Esse artigo abordará alguns problemas teórico-metodológicos concernentes ao tratamento dos quadrinhos como objeto e fonte na historiografia. Paralelamente, algumas obras serão problematizadas dentro desse recorte, de forma a também oferecer alguns referenciais para o trabalho com os quadrinhos na historiografia, que apresenta uma lacuna de trabalhos que façam essa síntese. Dadas as devidas adaptações, parte do conteúdo poderia ser desdobrado e considerado para o trabalho em outras áreas das ciências humanas, como por exemplo, as ciências sociais, crítica da arte e literária.

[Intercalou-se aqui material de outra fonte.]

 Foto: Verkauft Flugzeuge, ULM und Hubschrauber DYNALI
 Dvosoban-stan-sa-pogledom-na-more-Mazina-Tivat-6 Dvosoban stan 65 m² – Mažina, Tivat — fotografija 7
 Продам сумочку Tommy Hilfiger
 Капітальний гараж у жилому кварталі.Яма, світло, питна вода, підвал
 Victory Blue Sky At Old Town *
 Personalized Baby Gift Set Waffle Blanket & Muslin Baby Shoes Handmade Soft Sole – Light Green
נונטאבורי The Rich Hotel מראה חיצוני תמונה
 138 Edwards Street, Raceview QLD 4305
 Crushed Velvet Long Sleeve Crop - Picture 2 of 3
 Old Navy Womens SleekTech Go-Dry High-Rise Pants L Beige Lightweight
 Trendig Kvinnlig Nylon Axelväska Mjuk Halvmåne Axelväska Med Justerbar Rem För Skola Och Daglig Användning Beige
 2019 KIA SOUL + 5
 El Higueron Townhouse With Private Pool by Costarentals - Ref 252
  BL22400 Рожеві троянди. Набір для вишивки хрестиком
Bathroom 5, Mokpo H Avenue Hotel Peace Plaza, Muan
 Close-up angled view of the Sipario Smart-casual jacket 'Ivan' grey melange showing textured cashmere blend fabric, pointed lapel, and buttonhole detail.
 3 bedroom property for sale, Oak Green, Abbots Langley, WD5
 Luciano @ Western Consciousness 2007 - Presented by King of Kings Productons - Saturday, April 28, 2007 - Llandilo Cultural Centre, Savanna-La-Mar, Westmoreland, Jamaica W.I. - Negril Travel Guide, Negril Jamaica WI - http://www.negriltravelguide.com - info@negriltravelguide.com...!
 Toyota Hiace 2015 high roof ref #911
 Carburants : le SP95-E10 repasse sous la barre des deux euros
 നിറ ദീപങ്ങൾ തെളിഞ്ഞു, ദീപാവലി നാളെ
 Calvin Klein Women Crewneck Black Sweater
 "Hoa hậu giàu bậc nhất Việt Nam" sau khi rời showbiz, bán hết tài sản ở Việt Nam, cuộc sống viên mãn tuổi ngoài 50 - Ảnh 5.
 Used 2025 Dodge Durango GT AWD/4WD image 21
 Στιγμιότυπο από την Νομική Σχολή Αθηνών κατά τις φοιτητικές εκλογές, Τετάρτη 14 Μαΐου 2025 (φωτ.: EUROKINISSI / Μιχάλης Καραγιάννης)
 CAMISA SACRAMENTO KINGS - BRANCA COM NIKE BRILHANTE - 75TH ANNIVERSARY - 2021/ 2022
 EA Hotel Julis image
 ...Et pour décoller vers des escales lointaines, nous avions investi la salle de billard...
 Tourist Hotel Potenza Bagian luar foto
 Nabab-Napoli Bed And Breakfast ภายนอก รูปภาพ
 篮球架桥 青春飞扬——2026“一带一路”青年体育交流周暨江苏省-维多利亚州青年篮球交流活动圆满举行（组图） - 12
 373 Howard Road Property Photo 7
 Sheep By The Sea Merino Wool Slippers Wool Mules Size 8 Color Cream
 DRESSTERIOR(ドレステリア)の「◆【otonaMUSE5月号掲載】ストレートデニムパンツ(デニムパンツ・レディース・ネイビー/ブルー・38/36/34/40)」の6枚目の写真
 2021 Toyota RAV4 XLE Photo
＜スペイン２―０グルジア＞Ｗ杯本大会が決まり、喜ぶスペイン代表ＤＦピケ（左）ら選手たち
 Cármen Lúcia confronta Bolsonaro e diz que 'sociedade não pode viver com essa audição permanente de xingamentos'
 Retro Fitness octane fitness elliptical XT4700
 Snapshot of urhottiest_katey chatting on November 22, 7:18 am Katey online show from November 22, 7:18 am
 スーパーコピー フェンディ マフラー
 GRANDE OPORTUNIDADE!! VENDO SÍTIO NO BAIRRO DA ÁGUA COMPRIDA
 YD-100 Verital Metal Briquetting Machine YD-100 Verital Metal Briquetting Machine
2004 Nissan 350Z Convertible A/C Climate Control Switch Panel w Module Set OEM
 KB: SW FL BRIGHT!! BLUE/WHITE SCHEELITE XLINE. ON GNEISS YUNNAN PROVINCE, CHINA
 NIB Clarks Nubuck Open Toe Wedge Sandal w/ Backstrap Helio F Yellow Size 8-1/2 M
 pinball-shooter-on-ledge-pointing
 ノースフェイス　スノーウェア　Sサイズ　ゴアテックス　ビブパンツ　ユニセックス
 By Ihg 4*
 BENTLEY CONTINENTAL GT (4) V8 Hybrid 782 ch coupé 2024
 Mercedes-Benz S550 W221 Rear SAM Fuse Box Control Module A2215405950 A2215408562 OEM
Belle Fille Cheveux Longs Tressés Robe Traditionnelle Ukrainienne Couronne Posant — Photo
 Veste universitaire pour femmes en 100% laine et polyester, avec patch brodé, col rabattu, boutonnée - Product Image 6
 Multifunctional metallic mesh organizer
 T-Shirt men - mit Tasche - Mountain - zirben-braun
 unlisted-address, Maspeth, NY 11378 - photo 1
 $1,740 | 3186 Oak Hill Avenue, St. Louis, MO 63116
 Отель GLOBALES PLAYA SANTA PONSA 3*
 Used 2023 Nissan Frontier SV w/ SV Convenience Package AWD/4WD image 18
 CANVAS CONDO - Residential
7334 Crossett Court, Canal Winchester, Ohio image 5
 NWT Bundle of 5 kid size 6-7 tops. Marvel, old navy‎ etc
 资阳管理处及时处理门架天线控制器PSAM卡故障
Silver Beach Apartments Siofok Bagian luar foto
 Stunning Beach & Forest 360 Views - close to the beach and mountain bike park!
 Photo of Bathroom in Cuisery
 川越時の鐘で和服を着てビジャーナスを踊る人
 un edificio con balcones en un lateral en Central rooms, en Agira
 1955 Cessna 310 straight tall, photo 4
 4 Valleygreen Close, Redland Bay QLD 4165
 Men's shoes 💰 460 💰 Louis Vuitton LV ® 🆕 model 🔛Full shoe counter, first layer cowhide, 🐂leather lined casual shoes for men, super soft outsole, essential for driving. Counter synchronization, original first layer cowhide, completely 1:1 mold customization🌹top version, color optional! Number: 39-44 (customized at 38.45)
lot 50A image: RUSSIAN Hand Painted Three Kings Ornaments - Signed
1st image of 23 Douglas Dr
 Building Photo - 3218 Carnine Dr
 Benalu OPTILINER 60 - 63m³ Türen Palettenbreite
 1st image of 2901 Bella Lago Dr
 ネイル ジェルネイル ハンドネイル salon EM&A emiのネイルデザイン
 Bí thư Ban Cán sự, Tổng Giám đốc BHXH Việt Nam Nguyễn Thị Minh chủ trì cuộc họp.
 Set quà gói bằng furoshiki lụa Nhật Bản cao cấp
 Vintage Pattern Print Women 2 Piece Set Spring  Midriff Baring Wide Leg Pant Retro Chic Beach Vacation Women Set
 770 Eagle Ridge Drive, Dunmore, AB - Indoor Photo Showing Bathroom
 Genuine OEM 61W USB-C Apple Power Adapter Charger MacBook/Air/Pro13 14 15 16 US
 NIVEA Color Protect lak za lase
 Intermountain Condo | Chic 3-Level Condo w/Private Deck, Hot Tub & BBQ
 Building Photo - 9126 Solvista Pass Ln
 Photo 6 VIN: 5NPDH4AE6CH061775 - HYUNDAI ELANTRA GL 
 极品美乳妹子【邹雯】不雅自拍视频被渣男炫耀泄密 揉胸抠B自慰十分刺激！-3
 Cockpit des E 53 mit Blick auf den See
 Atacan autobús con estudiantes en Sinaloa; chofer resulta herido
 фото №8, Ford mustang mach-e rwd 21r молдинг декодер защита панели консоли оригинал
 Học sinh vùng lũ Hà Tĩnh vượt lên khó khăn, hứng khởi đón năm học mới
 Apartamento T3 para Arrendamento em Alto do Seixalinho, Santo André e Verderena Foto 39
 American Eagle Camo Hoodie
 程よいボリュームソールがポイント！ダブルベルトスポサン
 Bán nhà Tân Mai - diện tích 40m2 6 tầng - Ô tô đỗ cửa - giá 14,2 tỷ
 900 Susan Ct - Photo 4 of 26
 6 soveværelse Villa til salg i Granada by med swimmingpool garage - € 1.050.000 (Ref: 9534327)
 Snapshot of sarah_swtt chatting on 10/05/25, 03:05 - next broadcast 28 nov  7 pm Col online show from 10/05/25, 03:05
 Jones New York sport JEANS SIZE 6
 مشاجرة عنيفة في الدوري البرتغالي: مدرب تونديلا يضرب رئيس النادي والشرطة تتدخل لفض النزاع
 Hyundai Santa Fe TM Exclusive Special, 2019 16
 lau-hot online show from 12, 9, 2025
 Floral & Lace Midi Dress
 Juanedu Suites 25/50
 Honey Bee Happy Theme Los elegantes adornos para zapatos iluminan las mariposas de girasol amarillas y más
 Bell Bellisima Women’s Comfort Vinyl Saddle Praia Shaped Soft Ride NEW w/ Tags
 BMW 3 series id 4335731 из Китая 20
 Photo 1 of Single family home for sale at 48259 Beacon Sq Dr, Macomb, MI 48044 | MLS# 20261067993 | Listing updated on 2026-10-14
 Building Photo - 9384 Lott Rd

O presente artigo será dividido em três partes. Na primeira, parte, serão levantadas algumas questões pertinentes a esses problemas teórico-metodológicos, apontando alguns trabalhos historiográficos recentes relacionados aos quadrinhos. Na segunda parte, algumas alternativas a esses problemas serão apresentadas a partir de perspectivas semióticas e técnicas. E, por fim, a terceira parte vai apresentar alguns trabalhos referenciais para o uso da semiótica no estudo historiográfico dos quadrinhos.
PARTE 1 - O TRABALHO HISTORIOGRÁFICO COM OS QUADRINHOS: QUESTÕES TEÓRICO-METODOLÓGICAS
Como já foi dito anteriormente, as abordagens feitas dos quadrinhos nas ciências humanas são muito plurais, bem como suas preocupações e arcabouços teórico-metodológicos. Há trabalhos com enfoque voltado para a área de ensino (Cf. BARI, 2012) (muito comuns trabalhos sobre o uso dos quadrinhos como ferramenta pedagógica), literária (Cf. BITAZI, 2016), filosófica (Cf. SIQUEIRA, 2012), sociológica (Cf. CHINEN, 2013), e até mesmo geográfica (Cf. MENDONÇA, 2016) e psicológica (Cf. BRAGA JR., PERRUSI, 2013), entre outras diversas, estando limitadas apenas à problemática abordada.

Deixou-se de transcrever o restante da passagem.